Software estimates done right

So, how do you estimate a software development effort?

Ha, that’s easy; there is a website called The Estimate Goat, that provides you random estimates every time you refresh the page!

An estimation by the estimate goat

Joking aside, let me rephrase the question: how do you reasonably estimate a software effort?

According to software developers, this is hard.

In fact, some people considered this so hard that they started the #NoEstimates movement in 2013, with the following motto:

Estimates are waste and we must eliminate estimates in software development.

It grew quite a following, so let’s start by begging the question:

Can we do without estimates?

Yes! No! Well, it depends…

Typically we commit to an engagement in the following ways:

  • Time and material: provide labour and resources for n units of time - mostly freelancing or employment;
  • Fixed price: provide certain deliverables according to predefined acceptance criteria. This can be time-boxed and/or scoped, for example “renovate my bathroom”;
  • A hybrid, for example T&M development, but a fixed price analysis and support contract.

Based on the type of engagement, engaged stakeholders are exposed to different kinds of uncertainty:

  • Cost - “How much will it cost? How much effort do we need to invest?";
  • Time - “How long will it take?";
  • Scope - “What is included, and what is not?”.

If all engaged stakeholders are willing to accept uncertainty, i.e. “I don’t care how much it costs or how long it takes, just get it done”, estimates are useless.

But even in this case, people ask how long it typically takes, which is interpreted as an estimate with high uncertainty… So they do end up with an implicit estimate

#NoEstimates and the maturity of software development

Software development is a relatively young discipline; this implies some of our methodologies are very immature, and for some areas we do not even have a methodology.

If we want to increase the maturity of our profession, we need to use proven methodologies deeply rooted in scientific backgrounds, so we can do proper engineering as opposed to going with a hunch…

In my opinion, the #NoEstimates movement exposes a lack of proper methodologies regarding estimations.

The goal of this post is to present two complementary estimation approaches, backed by at least some scientific reasoning.

Disclaimer:

There is no silver bullet, but I hope that this approach at least inspires you to sit down and think about how you do estimates.

Estimating in a historical context: ‘‘Monte-Carlo forecasting’’
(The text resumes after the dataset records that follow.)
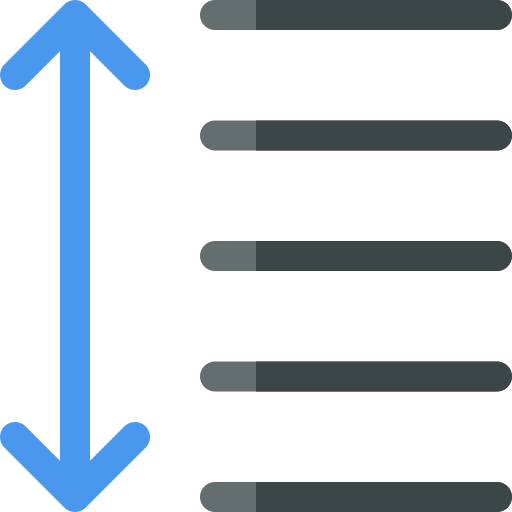 espaciado entre líneas Basic Rounded Flat icono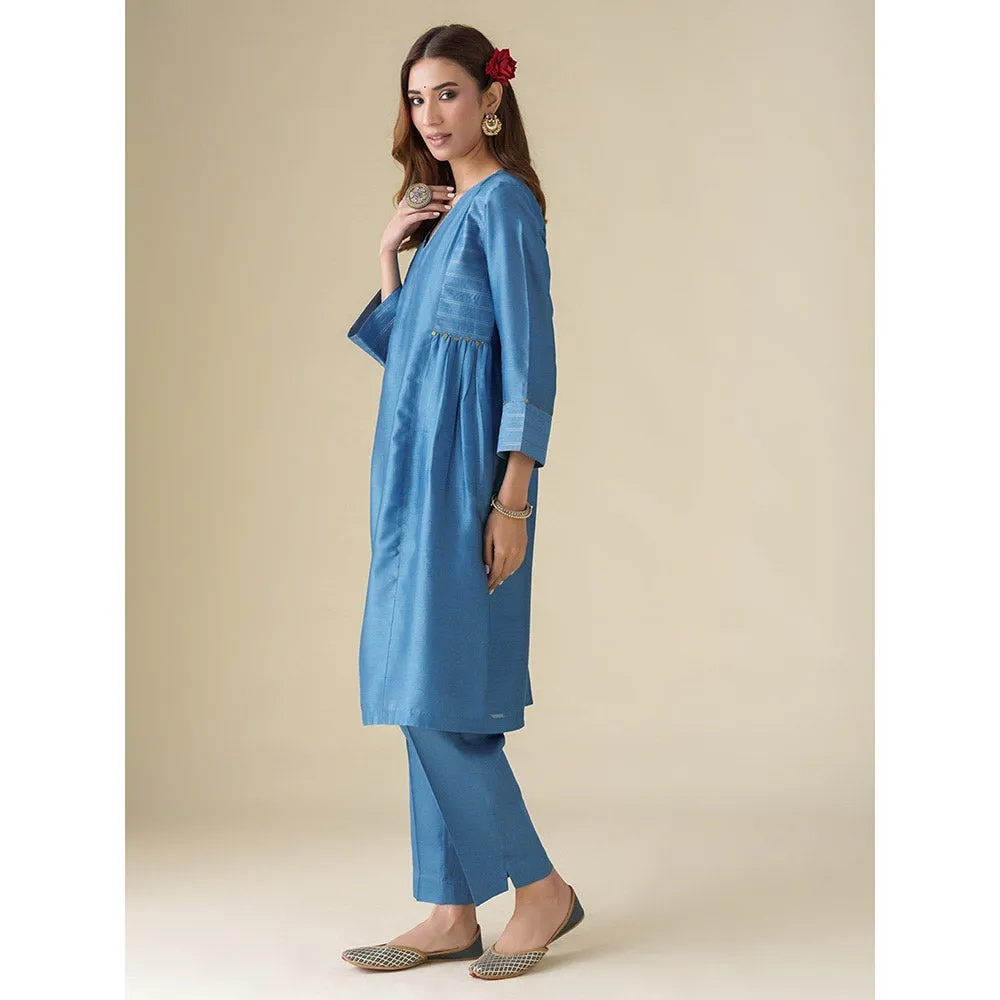 Mushio Blue Embellished Chanderi Vaayu Kurta with Slip Pants and Dupatta (Set of 4)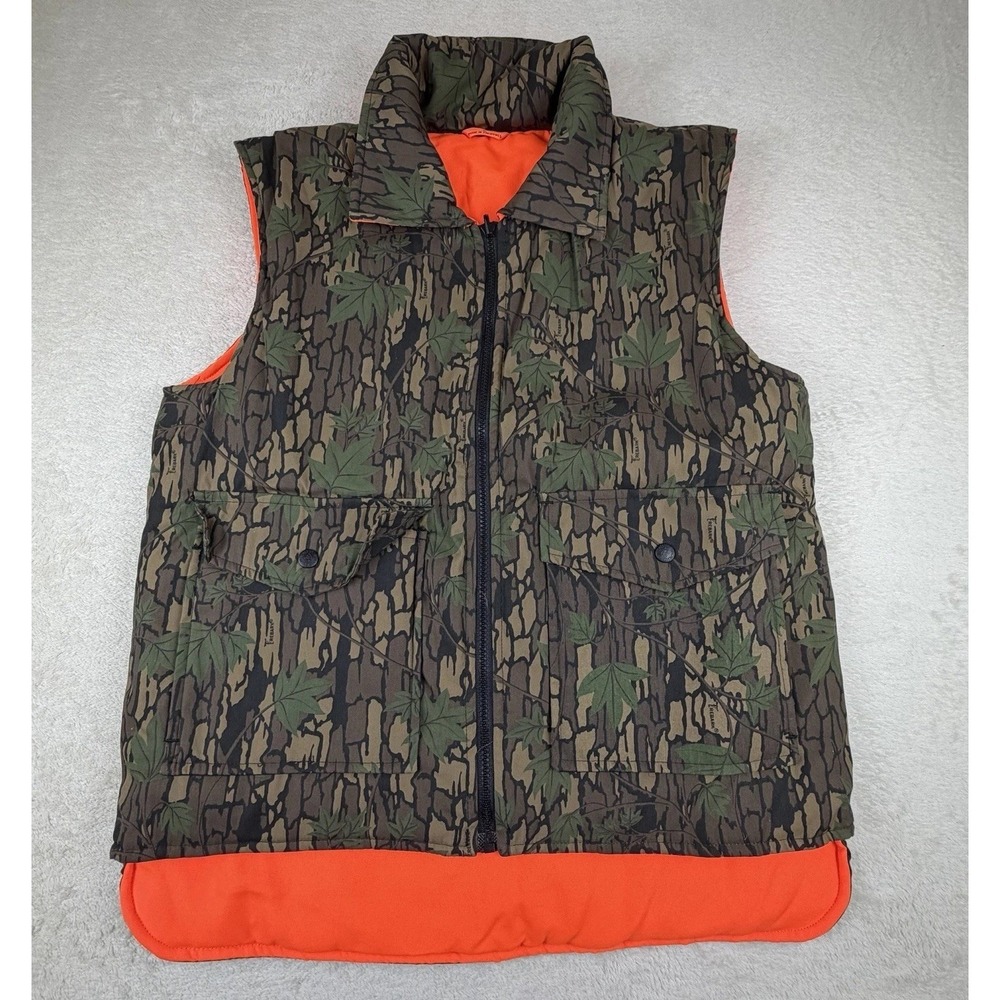 Vintage Winchester Vest Mens Small Reversible Trebark Camo Blaze Orange Hunting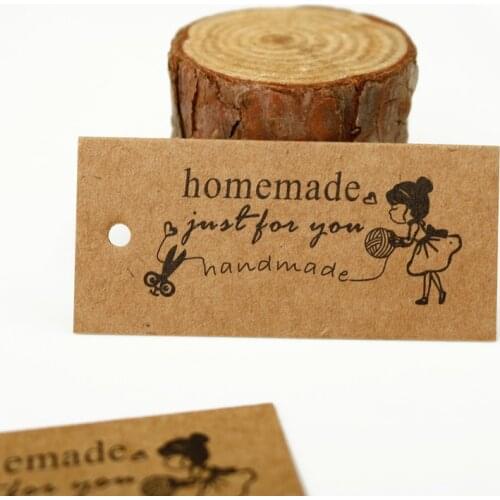50pcs Craft Girl Homemade DIY Kraft Gift Tag Party Wedding Message Gift Tag Hang Tag Craft Cards Label Hemp String Included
Let’s assume you have a team that has been developing software for a few weeks, months or even years. Given enough historical data, we can run a Monte-Carlo simulation to forecast effort and duration with probability ranges.

I could go to great lengths explaining why you could use this approach, but the wiki of this project motivates this approach rather well.

If you have your own data available, you can create your own forecast using this webpage

This tool was mentioned to me by Aram Koukia, and here is an excerpt about the data he uses for input:

Here is a screenshot of the example forecast included in the project:

A monte-carlo forecast example

Feel free to take a look at the source-code, if that is your kind of thing.

This approach has 2 main advantages:

  1. The outcome should be at least as good, if not better than the ‘‘Fingerspitzengefühl’' your team is using right now;
  2. You no longer have to bother your team asking for estimates.

So it’s a win-win for everyone!

2. Estimating for a future context: ‘‘Gaussian estimates’'

UPDATE

Apparently this was a completely wrong interpretation from my side; I mixed up several things, probably because I had a hammer and was looking for a nail, i.e. matching √ Π to something I envisioned, so I was starting from the solution and working my way back.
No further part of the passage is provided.